[Footnote 1: Psalm xcvi. 5 (xcv. Sept.).]
[Footnote 2: Psalm xcv. 3 (xciv. Sept.). Maury, p. 98.]
23. The introduction of Christianity made no difference in this respect. Paul says to the believers at Corinth, "that the things which the Gentiles sacrifice, they sacrifice to devils ([Greek: daimonia]), and not to God; and I would not that ye should have fellowship with devils;"[1] and the Septuagint renders the word Elohim in the ninety-fifth Psalm by this [Greek: daimonia], which as the Christians had already a distinct term for good spirits, came to be applied to evil ones only.
[Footnote 1: I Cor. x. 20.]
Under the influence therefore, of the new religion, the gods of Greece and Rome, who in the days of their supremacy had degraded so many foreign deities to the position of daemons, were in their turn deposed from their high estate, and became the nucleus around which the Christian belief in demonology formed itself. The gods who under the old theologies reigned paramount in the lower regions became pre-eminently diabolic in character in the new system, and it was Hecate who to the last retained her position of active patroness and encourager of witchcraft; a practice which became almost indissolubly connected with her name. Numerous instances of the completeness with which this process of diabolization was effected, and the firmness with which it retained its hold upon the popular belief, even to late times, might be given; but the following must suffice. In one of the miracle plays, "The Conversion of Saul," a council of devils is held, at which Mercury appears as the messenger of Belial.[1]
[Footnote 1: Digby Mysteries, New Shakspere Society, 1880, p. 44.]
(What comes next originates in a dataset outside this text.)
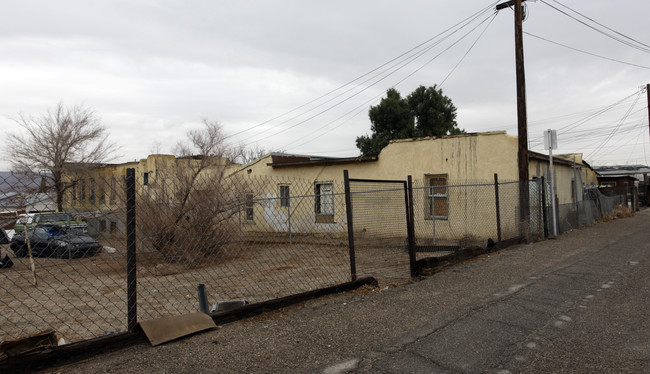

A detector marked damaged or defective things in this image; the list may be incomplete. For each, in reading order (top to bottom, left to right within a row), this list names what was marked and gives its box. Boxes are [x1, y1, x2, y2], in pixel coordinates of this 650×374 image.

24. But this absolute rejection of every pagan belief and ceremony was characteristic of the Christian Church in its infancy only. So long as the band of believers was a small and persecuted one, no temptation to violate the rule could exist. But as the Church grew, and acquired influence and position, it discovered that good policy demanded that the sternness and inflexibility of its youthful theories should undergo some modification. It found that it was not the most successful method of enticing stragglers into its fold to stigmatize the gods they ignorantly worshipped as devils, and to persecute them as magicians. The more impetuous and enthusiastic supporters did persecute, and persecute most relentlessly, the adherents of the dying faith; but persecution, whether of good or evil, always fails as a means of suppressing a hated doctrine, unless it can be carried to the extent of extermination of its supporters; and the more far-seeing leaders of the Catholic Church soon recognized that a slight surrender of principle was a far surer road to success than stubborn, uncompromising opposition.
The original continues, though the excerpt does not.